Yes, but only with the transaction forwarding feature.
They offer a free service where you can give their API a destination address and a webhook and they'll give you back a individual deposit address.
You can then give that deposit address to your customer. In theory, the customer is supposed to make the payment, Blockchain.info sees the transaction, notifies your webhook, and forwards the payment to the destination address.
The problem is that the system that looks for the transactions sometimes doesn't see them for hours and the webhook isn't notified until the payment is swept.
The money was received but it took 2 hours and 15 minutes for my webhook to be notified that payment was received and for it to be forwarded. In the meantime, the customer who was told that the transaction would be approved after 1 block confirmation was furious.

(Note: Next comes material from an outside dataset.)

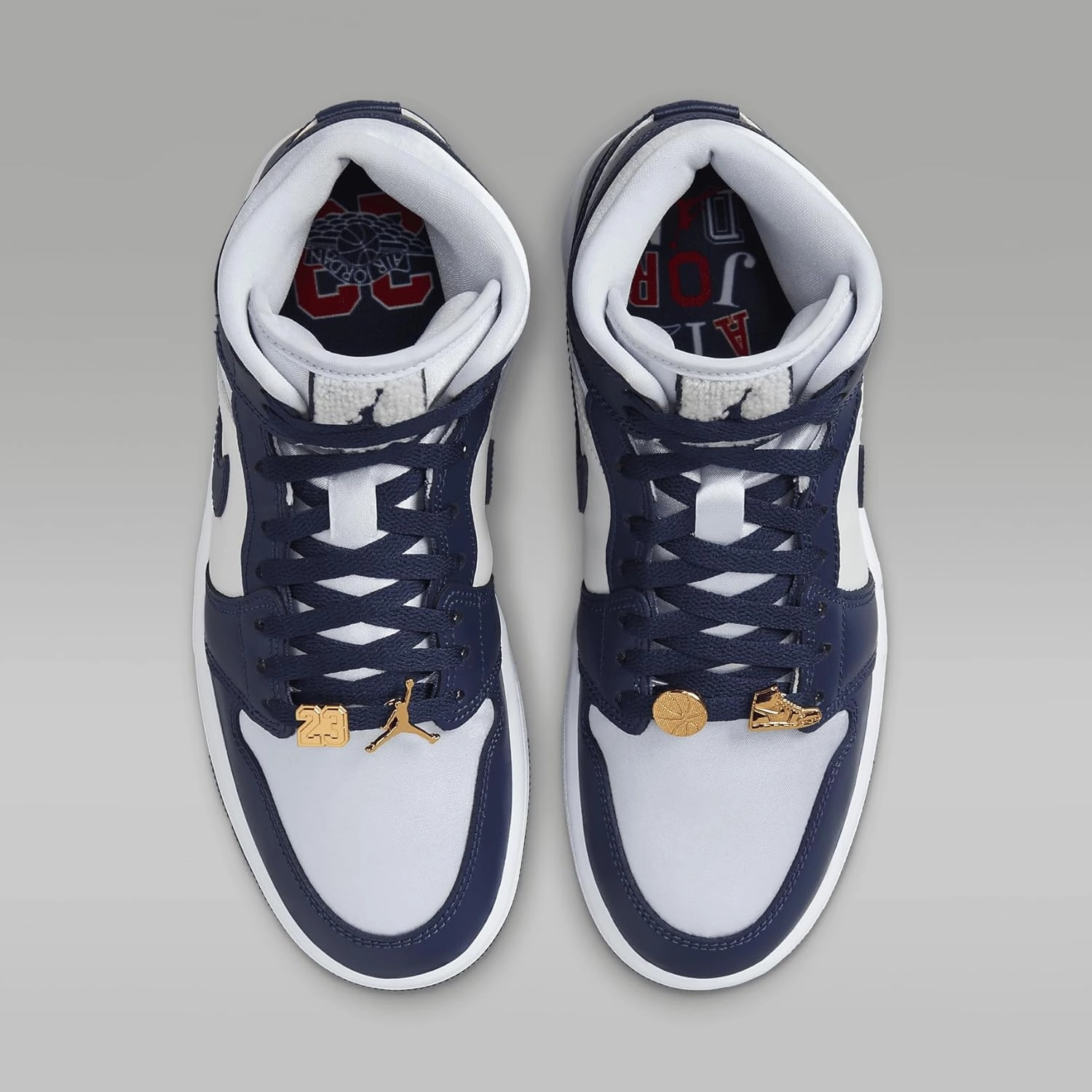 Air Jordan 1 Mid SE Women's Shoes (FZ8777-044, Football Grey/White/Gym Red/Midnight Navy)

This seems to happen about 30% of the time with their API.
I'd be curious to have your perspective on the risks of relying on 3rd party infrastructure. That 3rd party can't really try to feed wrong blocks or transactions, it would ruin its business. Then from a practical standpoint, the only attack it can run is a Sybil attack which, when not spending any transaction, can't result in double-spends. So what do you see as a problem relying on 3rd party infra for Bitcoin development?

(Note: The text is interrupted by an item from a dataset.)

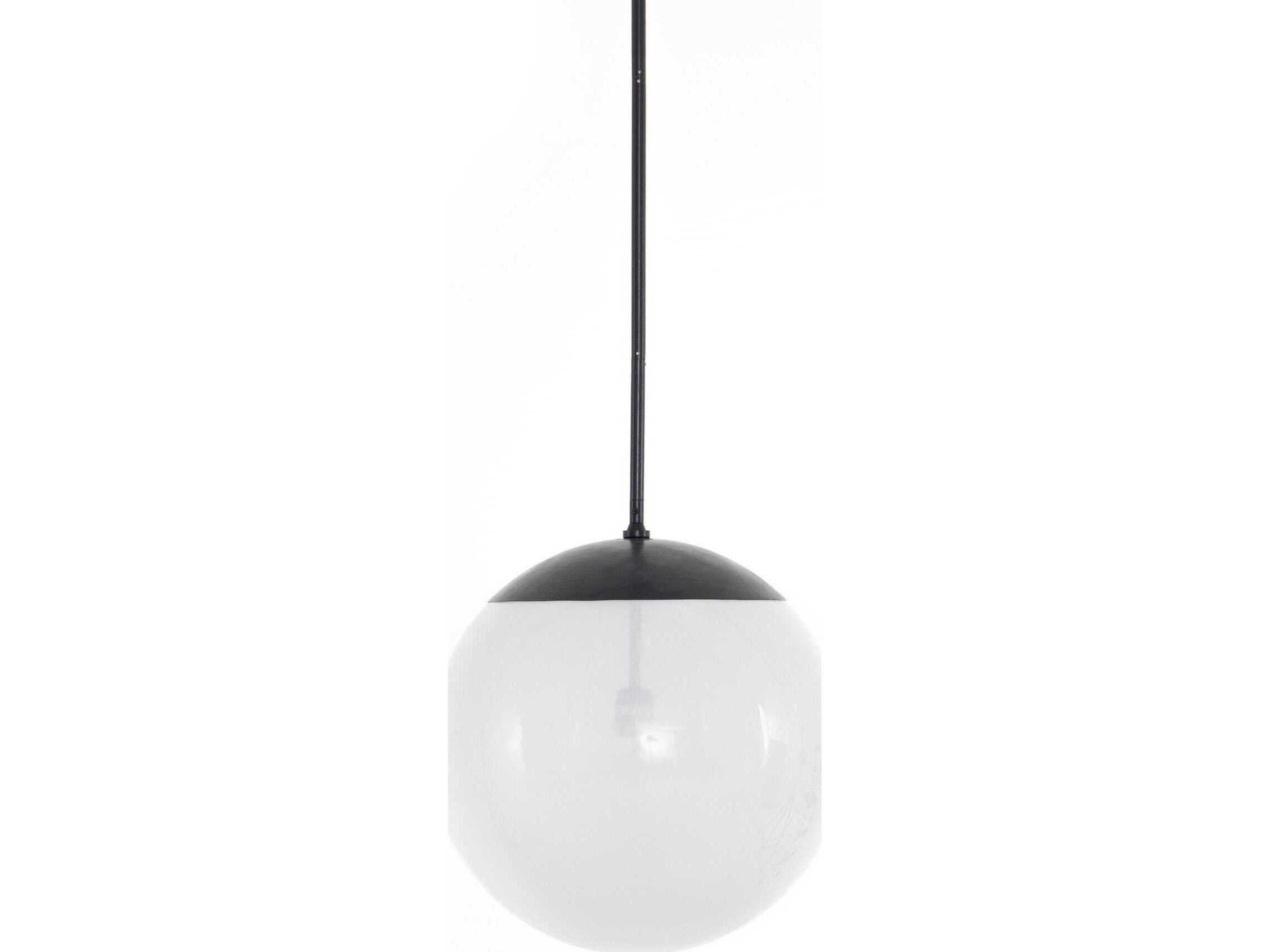 Four Hands Hutton 1-Light Antiqued Iron Frosted Glass Black Globe Linear Pendant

The OP was complaining that blockchain.info has outages (which it does), so there's one reason. But more generally, the whole point of Bitcoin is you don't have to rely on trusted third parties. You might as well say, "the bank can't really try to gamble with your money, it'd ruin its business". But it happens! Now block explorer sites can't gamble with your money, but they can do plenty of other things. The assumption that they won't do problematic things because it'd hurt their business is just as weak. E.g. what happens if they start charging you fees?

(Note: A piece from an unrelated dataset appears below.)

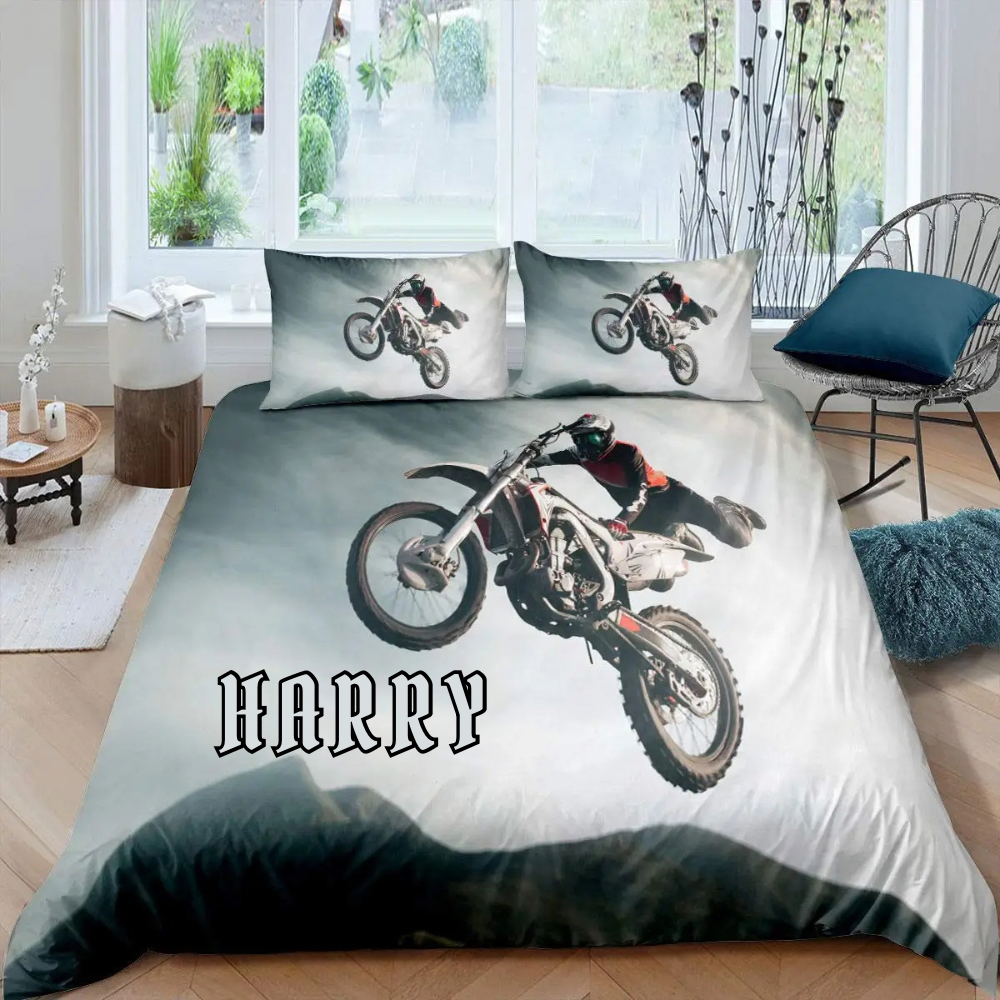 Custom name motocross bed set for riders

But more generally I wonder why people are doing this. If your app really needs indexed access to the entire block chain, you probably designed it wrong. If your app doesn't, then you could as well use local software.
We are about to release a webhook feature which you can register your deposit addresses (you can also set it at a predetermined confirmation count). That way at least you will get notified immediately (so you can confirm it with your customer). although the forwarding is still up to blockchain.info to be timely. Contact us over scott@helloblock.io if you are interested.
They offer a free service where you can give their API a destination address and a webhook and they'll give you back a individual deposit address.
You can then give that deposit address to your customer. In theory, the customer is supposed to make the payment, Blockchain.info sees the transaction, notifies your webhook, and forwards the payment to the destination address.
The problem is that the system that looks for the transactions sometimes doesn't see them for hours and the webhook isn't notified until the payment is swept.
For example, one of my customers transactions was this one. https://blockchain.info/address/1PD8c6fjiYT4Hdq3SFavLBGNgV1B...
The money was received but it took 2 hours and 15 minutes for my webhook to be notified that payment was received and for it to be forwarded. In the meantime, the customer who was told that the transaction would be approved after 1 block confirmation was furious.
This seems to happen about 30% of the time with their API.